# Markov Chain

1. Sep 10, 2009

### hsong9

1. The problem statement, all variables and given/known data
Let X0 be a random variable with values in a countable set I. Let Y1, Y2, ... be a
sequence of independent random variables, uniformly distributed on [0, 1].
Suppose we are given a function G : I x [0, 1] -> I
and define inductively for n >= 0, Xn+1 = G(Xn, Yn+1).
Show that (Xn)n>=0 is a Markov chain and
express its transition matrix P in terms of G.

2. Relevant equations

3. The attempt at a solution
I know that I need to show that Xn+1 depends on Xn by checking the condition in the definition of Markov chain, and then
try to find some formula for P(Xn+1 = j | Xn=i) in terms of G.
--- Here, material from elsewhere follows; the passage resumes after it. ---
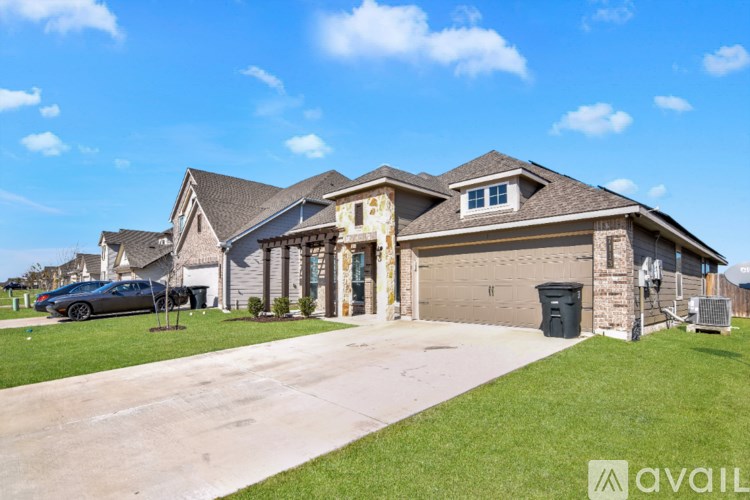 Source URL: https://prod-avail.s3.amazonaws.com/public_images/41507820/listing/3.png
Actually, my background for Markov chain lacks a little, so I have no how I find some formula for P in terms of G.. How do I handle terms of G?
Anybody give me some hints or answer?

2. Sep 5, 2010

### fi1

I guess you should only need to show P[Xn+1 = xn+1 | X1 = x1, X2 = x2, ..., Xn = xn] = P[Xn+1 = xn+1 | Xn = xn]. (Markov property).

In your case it holds, since G is only a function of Xn; and Yi are independent random variables. P[Xn+1 = xn+1 | Xn = xn] = P[G(xn, y)=xn+1] where y is the uniformly distributed random variable.